What the exercise asks ->
With any pictures left out, restate word for word the lines in the listing below from the one holding "Image for The" through the last.

Input data ->
|---|

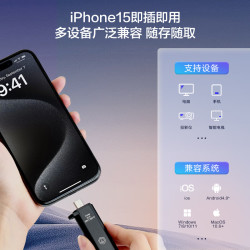 京东京造 USB3.2双头高速U盘256G 读速高达150MB/S 小巧便携金属优盘  256GB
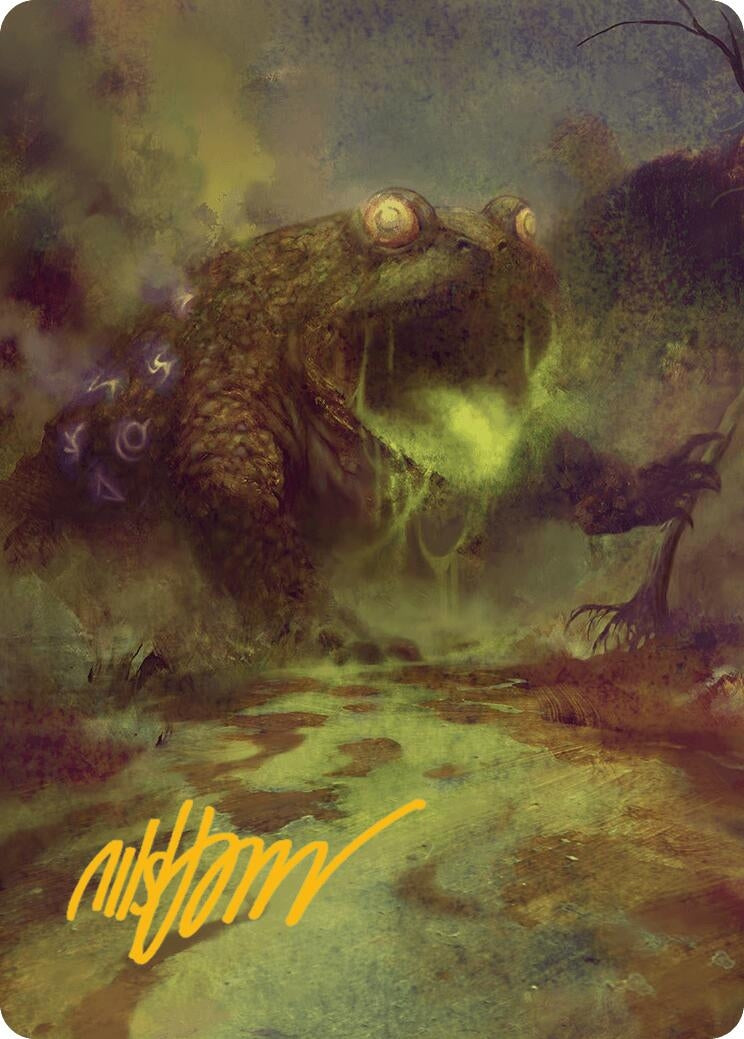 Image for The Gitrog Monster Art Card (Gold-Stamped Signature) (52) - Magic: The Gathering
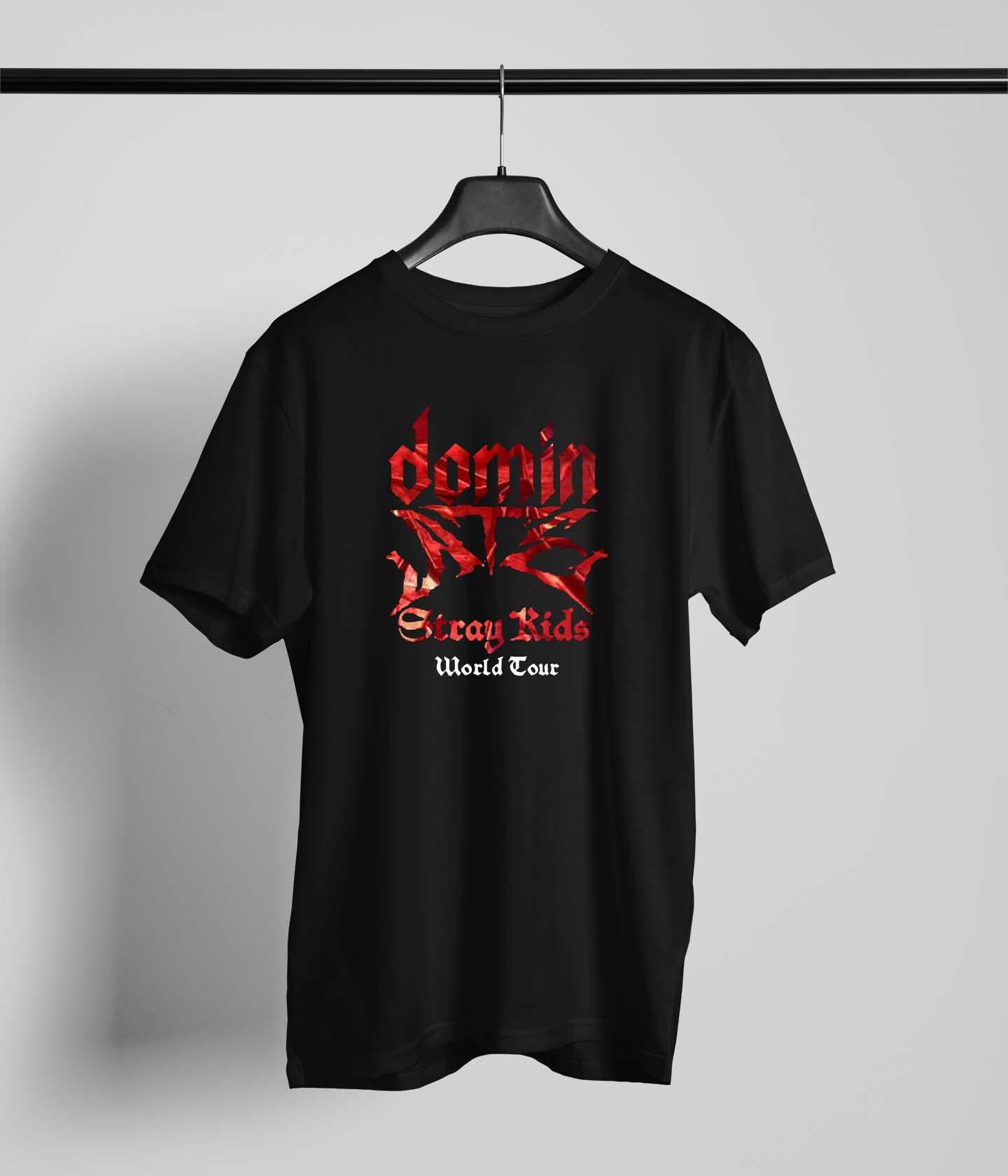 Dominate StrayKids Tour T Shirt | Stray Kids Australia Print | K Pop Inspiration Music, Metallic Red Printing | World Concert Gift Tshirt Dominate StrayKids Tour T Shirt | Stray Kids Australia Print | K Pop Inspiration Music, Metallic Red Printing | World Concert Gift Tshirt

|---|

Result of this task ->
 Image for The Gitrog Monster Art Card (Gold-Stamped Signature) (52) - Magic: The Gathering
 Dominate StrayKids Tour T Shirt | Stray Kids Australia Print | K Pop Inspiration Music, Metallic Red Printing | World Concert Gift Tshirt Dominate StrayKids Tour T Shirt | Stray Kids Australia Print | K Pop Inspiration Music, Metallic Red Printing | World Concert Gift Tshirt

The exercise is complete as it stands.